In [12]:
import numpy as np
import pandas as pd
from sklearn import pipeline
from sklearn import preprocessing
from ydata_profiling import ProfileReport

In [13]:
dtypes = {
    "user": str,
    "gender": str,
    "age": np.int64,
    "how_tall_in_meters": np.float64,
    "weight": np.int64,
    "body_mass_index": np.float64,
    "x1": np.int64,
    "y1": np.int64,
    "z1": np.int64,
    "x2": np.int64,
    "y2": np.int64,
    "z2": np.int64,
    "x3": np.int64,
    "y3": np.int64,
    "z3": np.int64,
    "x4": np.int64,
    "y4": np.int64,
    "z4": np.int64,
    "class": str,
}


def errorproofZ4(x):
    try:
        return np.int64(x)
    except ValueError:
        return np.NaN


df = pd.read_csv(
    "dataset/dataset-HAR-PUC-Rio.csv",
    sep=";",
    dtype=dtypes,
    converters={
        "how_tall_in_meters": lambda x: np.float64(x.replace(",", ".")),
        "body_mass_index": lambda x: np.float64(x.replace(",", ".")),
        "z4": errorproofZ4,
    },
)

profile = ProfileReport(
    df[
        [
            "x1",
            "y1",
            "z1",
            "x2",
            "y2",
            "z2",
            "x3",
            "y3",
            "z3",
            "x4",
            "y4",
            "z4",
        ]
    ],
    title="HAR-PUC measurements profile",
)

  df = pd.read_csv(
  df = pd.read_csv(
  df = pd.read_csv(


In [14]:
enableProfiling:bool = False

In [15]:
if enableProfiling:
    profile.to_widgets()

In [16]:
# drop the only bad value
df.dropna(inplace=True)

In [17]:
if enableProfiling:
    full_profile = ProfileReport(df, title="Full HAR-PUC profile")
    full_profile.to_widgets()
    full_profile.to_file("documents/full_data_report.html")

## Scaling
It is clearly visible, that the data is from a few people.
The scale of the variables is very different, but most of them are not very skewed, they mainly show a gaussian distribution, or gaussina mixture distributions.
Some of the data seems to be truncated.
## Standard Scaling 
To have all of the data in the same range the measured variables could be transformed to a standard value.
Also the user values should be transformed to Standard range, as they are related to the scale of the measured variables.
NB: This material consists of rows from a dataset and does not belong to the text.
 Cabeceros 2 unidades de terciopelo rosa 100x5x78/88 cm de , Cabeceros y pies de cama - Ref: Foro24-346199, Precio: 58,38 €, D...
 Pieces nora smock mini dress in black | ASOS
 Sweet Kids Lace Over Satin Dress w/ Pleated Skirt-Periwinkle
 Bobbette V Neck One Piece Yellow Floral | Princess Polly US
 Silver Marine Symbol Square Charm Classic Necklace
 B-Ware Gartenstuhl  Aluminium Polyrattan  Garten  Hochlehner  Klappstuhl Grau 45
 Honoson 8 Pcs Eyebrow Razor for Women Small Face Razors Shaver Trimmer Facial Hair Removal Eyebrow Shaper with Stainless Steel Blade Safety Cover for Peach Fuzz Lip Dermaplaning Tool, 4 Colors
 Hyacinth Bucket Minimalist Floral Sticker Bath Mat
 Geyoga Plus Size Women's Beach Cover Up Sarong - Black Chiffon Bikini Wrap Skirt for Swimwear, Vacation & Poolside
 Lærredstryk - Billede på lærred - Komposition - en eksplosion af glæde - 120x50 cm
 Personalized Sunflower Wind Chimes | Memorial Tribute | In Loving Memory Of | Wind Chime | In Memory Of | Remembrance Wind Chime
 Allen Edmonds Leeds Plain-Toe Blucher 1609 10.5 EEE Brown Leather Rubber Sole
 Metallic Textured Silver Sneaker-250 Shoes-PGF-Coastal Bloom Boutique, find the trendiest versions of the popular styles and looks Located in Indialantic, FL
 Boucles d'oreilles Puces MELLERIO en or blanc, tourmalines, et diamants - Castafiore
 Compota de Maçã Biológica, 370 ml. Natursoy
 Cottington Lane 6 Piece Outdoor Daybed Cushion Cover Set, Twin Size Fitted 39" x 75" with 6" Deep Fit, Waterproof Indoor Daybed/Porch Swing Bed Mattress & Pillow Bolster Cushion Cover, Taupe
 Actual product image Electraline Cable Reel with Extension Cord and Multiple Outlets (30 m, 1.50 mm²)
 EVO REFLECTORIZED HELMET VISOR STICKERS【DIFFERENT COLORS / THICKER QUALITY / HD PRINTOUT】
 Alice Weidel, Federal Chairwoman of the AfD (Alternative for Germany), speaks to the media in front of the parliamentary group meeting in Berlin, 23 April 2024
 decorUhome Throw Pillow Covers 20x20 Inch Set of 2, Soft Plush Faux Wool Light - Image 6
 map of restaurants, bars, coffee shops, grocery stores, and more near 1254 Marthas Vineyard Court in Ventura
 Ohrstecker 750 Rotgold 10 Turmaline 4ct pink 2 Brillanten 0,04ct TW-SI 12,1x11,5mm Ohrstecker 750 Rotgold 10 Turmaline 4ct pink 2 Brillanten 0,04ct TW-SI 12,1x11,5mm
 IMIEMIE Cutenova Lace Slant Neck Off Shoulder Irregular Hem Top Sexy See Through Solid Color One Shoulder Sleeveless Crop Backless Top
But due to the low number of users only one variable to represent them would be enough, so variables like gender or age or name could be easily dropped.

## calss conversion
Calsses should be converted to integer as well

In [18]:
df.columns

Index(['user', 'gender', 'age', 'how_tall_in_meters', 'weight',
       'body_mass_index', 'x1', 'y1', 'z1', 'x2', 'y2', 'z2', 'x3', 'y3', 'z3',
       'x4', 'y4', 'z4', 'class'],
      dtype='object')

In [19]:
ids = {j: i for i, j in enumerate(df["class"].unique())}
ids

{'sitting': 0, 'sittingdown': 1, 'standing': 2, 'standingup': 3, 'walking': 4}

In [20]:
cleaned = df.copy()
#apply mapping
cleaned["class"] = df["class"].apply(lambda x: ids[x])

#only keep sensor parameters
cleaned.drop(["user","gender","age","how_tall_in_meters","weight","body_mass_index",], axis=1, inplace=True)

In [21]:
cleaned.to_parquet("dataset/unscaled_train_data.parquet")

In [22]:
from sklearn.preprocessing import MinMaxScaler,StandardScaler

scaled_cleaned = cleaned.copy()

#scaler = MinMaxScaler(feature_range=(0,1))
scaler = StandardScaler()
value_columns = [
    "x1",
    "y1",
    "z1",
    "x2",
    "y2",
    "z2",
    "x3",
    "y3",
    "z3",
    "x4",
    "y4",
    "z4",
]
scaled_cleaned[value_columns] = scaler.fit_transform(cleaned[value_columns])

scaled_cleaned.to_parquet("dataset/scaled_train_data.parquet")


In [23]:
#scaler = MinMaxScaler(feature_range=(0,1))
scaler = MinMaxScaler()
value_columns = [
    "x1",
    "y1",
    "z1",
    "x2",
    "y2",
    "z2",
    "x3",
    "y3",
    "z3",
    "x4",
    "y4",
    "z4",
]
scaled_cleaned[value_columns] = scaler.fit_transform(cleaned[value_columns])

scaled_cleaned.to_parquet("dataset/minmaxscaled_train_data.parquet")